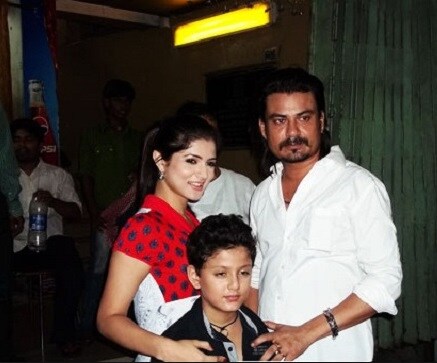• এই নিয়ে তৃতীয় বিয়ে ৷ পরিচালক রাজীবের সঙ্গে প্রথম বিয়ে ভেঙে যাওয়ার পর গত বছর মুম্বইয়ের সুপার মডেল কৃষ্ণ ভিরাজের সঙ্গে সাত পাকে বাঁধা পড়েছিলেন শ্রাবন্তী ৷ ছবি: ইনস্টাগ্রাম ৷ • এই নিয়ে তৃতীয় বিয়ে ৷ পরিচালক রাজীবের সঙ্গে প্রথম বিয়ে ভেঙে যাওয়ার পর গত বছর মুম্বইয়ের সুপার মডেল কৃষ্ণ ভিরাজের সঙ্গে সাত পাকে বাঁধা পড়েছিলেন শ্রাবন্তী ৷ ছবি: ইনস্টাগ্রাম ৷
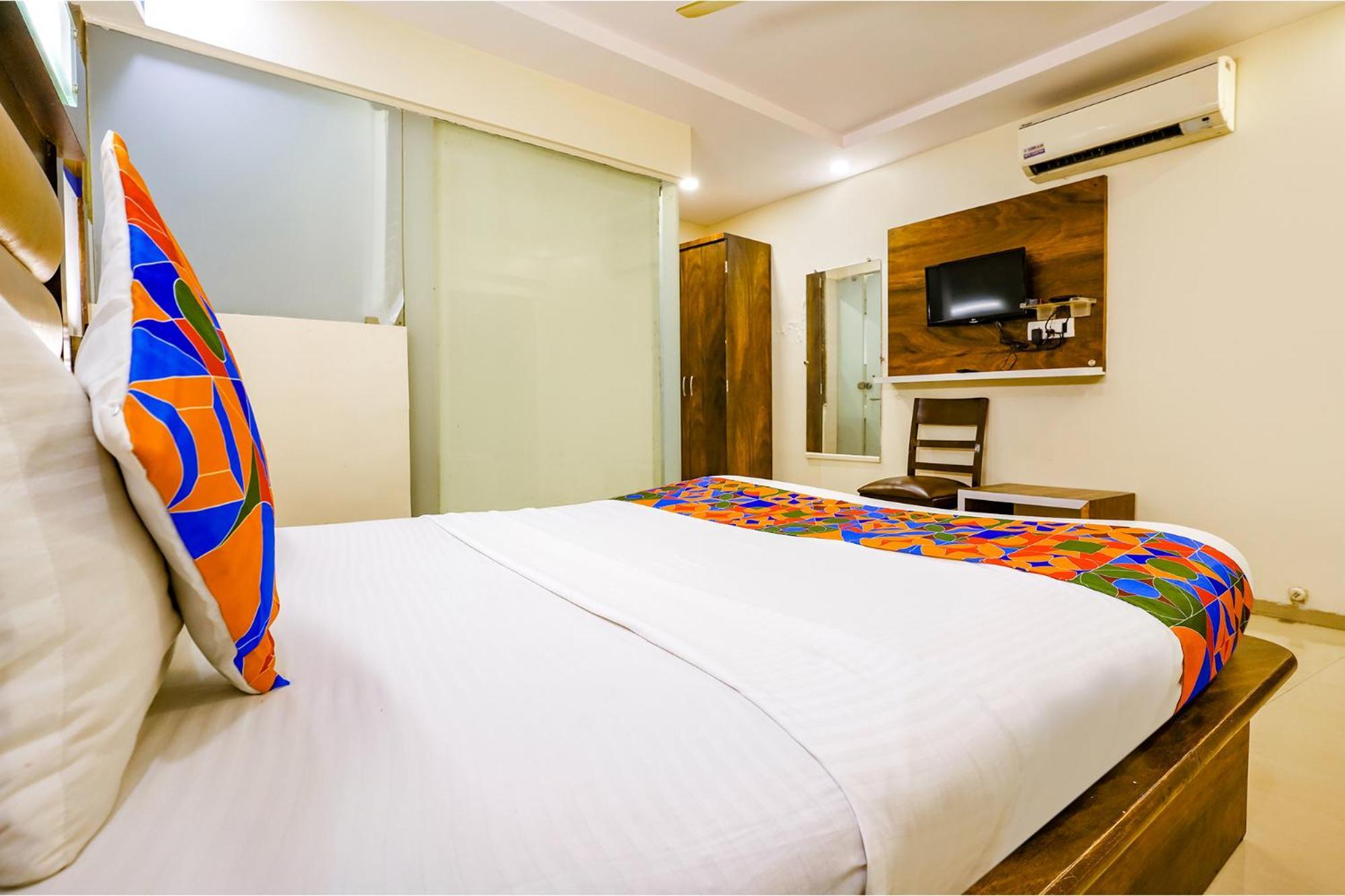 Hotel Naivedhya By Kwality Inn Thane Exterior photo
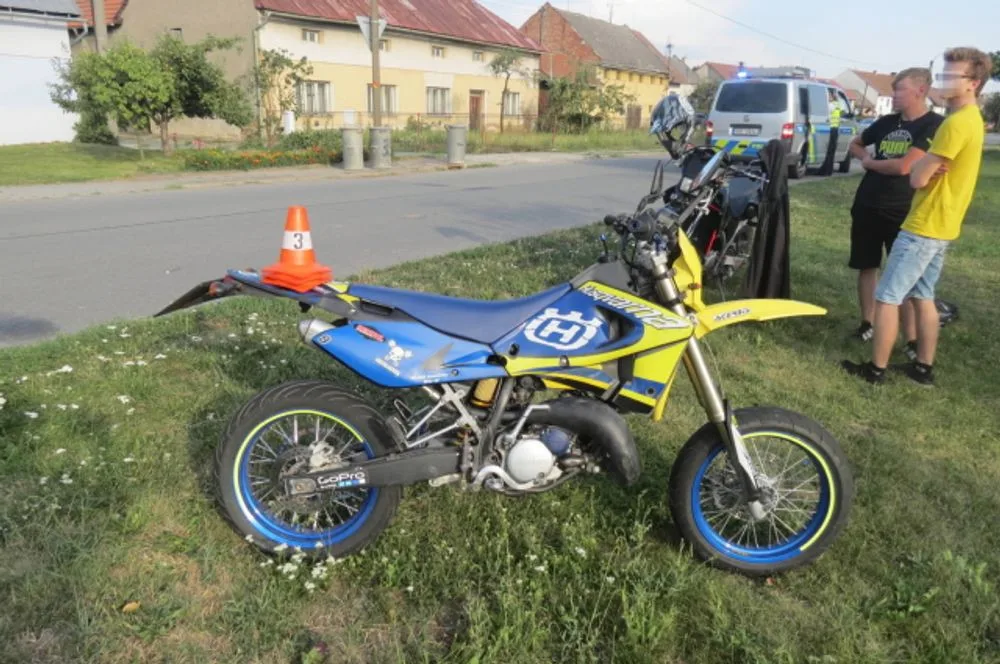 Šestnáctiletý motorkář nezvládl řízení a havaroval v příkopu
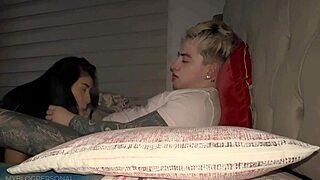 Mi hermanastra got so horny with me we fucked hard on parents bed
::::::::::
= TASK DESCRIPTION =
The expected answer is the data retyped exactly, without pictures.

= ANSWER SECTION =
• এই নিয়ে তৃতীয় বিয়ে ৷ পরিচালক রাজীবের সঙ্গে প্রথম বিয়ে ভেঙে যাওয়ার পর গত বছর মুম্বইয়ের সুপার মডেল কৃষ্ণ ভিরাজের সঙ্গে সাত পাকে বাঁধা পড়েছিলেন শ্রাবন্তী ৷ ছবি: ইনস্টাগ্রাম ৷ • এই নিয়ে তৃতীয় বিয়ে ৷ পরিচালক রাজীবের সঙ্গে প্রথম বিয়ে ভেঙে যাওয়ার পর গত বছর মুম্বইয়ের সুপার মডেল কৃষ্ণ ভিরাজের সঙ্গে সাত পাকে বাঁধা পড়েছিলেন শ্রাবন্তী ৷ ছবি: ইনস্টাগ্রাম ৷
 Hotel Naivedhya By Kwality Inn Thane Exterior photo
 Šestnáctiletý motorkář nezvládl řízení a havaroval v příkopu
 Mi hermanastra got so horny with me we fucked hard on parents bed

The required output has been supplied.